→ **Data section**:

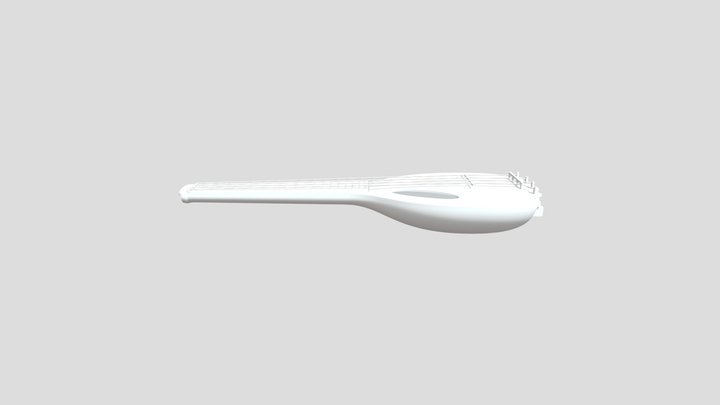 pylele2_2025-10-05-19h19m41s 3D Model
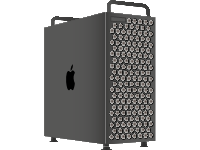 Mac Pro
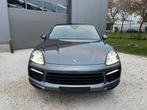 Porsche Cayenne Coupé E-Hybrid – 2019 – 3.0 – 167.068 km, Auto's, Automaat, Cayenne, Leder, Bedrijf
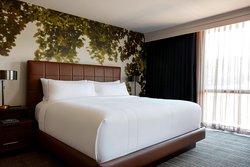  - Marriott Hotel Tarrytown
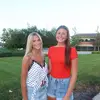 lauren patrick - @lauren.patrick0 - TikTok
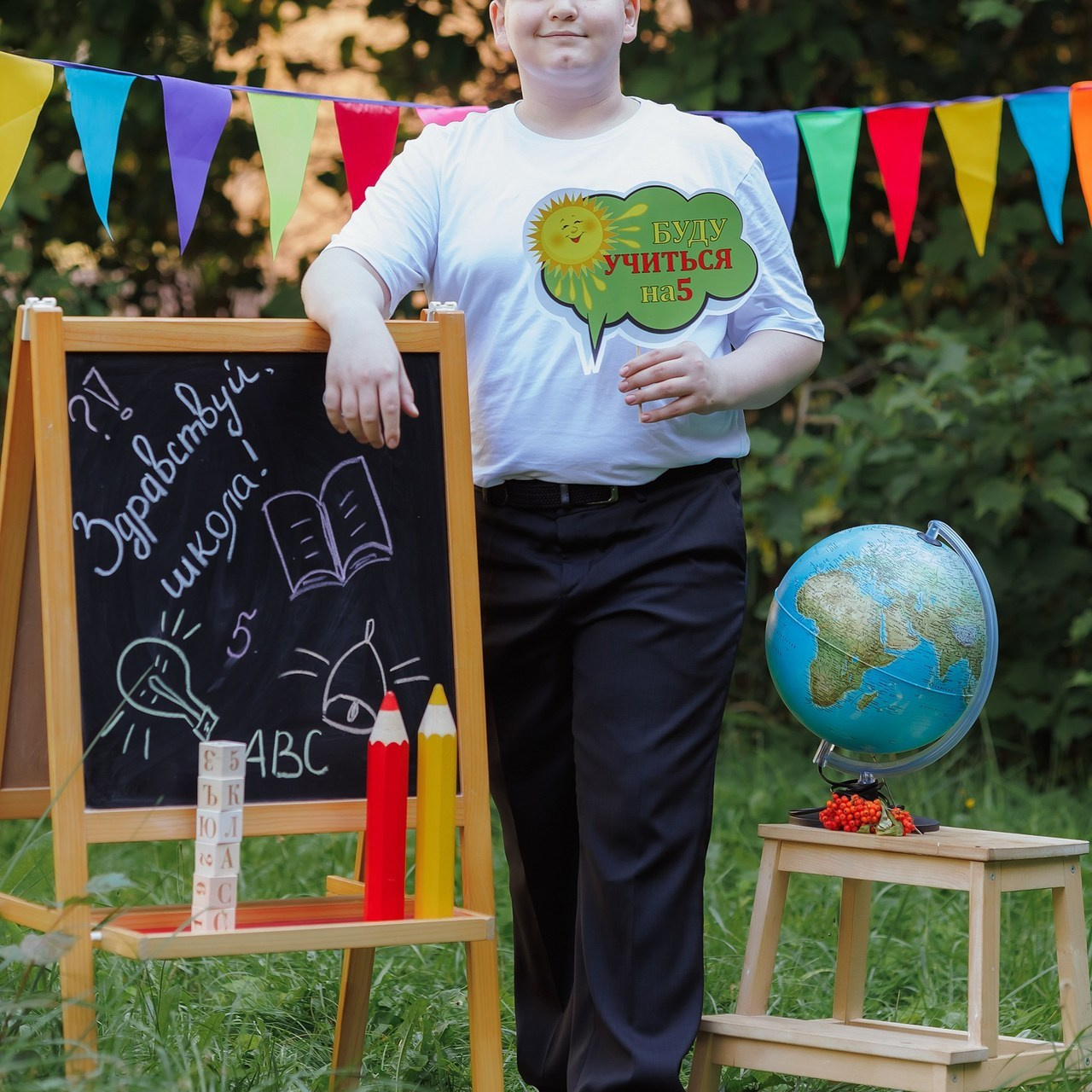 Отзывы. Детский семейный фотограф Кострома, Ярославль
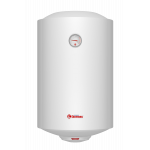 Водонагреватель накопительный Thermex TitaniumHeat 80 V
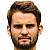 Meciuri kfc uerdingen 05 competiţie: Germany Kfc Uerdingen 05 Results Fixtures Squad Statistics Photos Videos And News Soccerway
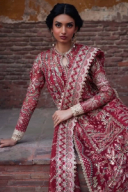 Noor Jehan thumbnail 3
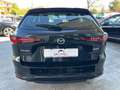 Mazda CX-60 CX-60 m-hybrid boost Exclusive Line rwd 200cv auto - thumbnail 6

→ **Required work**: The exact lines from the one containing "- Marriott Hotel Tarrytown" through the end of the data are to be copied, with both ends kept and pictures left out.

→ **Output below**:
  - Marriott Hotel Tarrytown
 lauren patrick - @lauren.patrick0 - TikTok
 Отзывы. Детский семейный фотограф Кострома, Ярославль
 Водонагреватель накопительный Thermex TitaniumHeat 80 V
 Meciuri kfc uerdingen 05 competiţie: Germany Kfc Uerdingen 05 Results Fixtures Squad Statistics Photos Videos And News Soccerway
 Noor Jehan thumbnail 3
 Mazda CX-60 CX-60 m-hybrid boost Exclusive Line rwd 200cv auto - thumbnail 6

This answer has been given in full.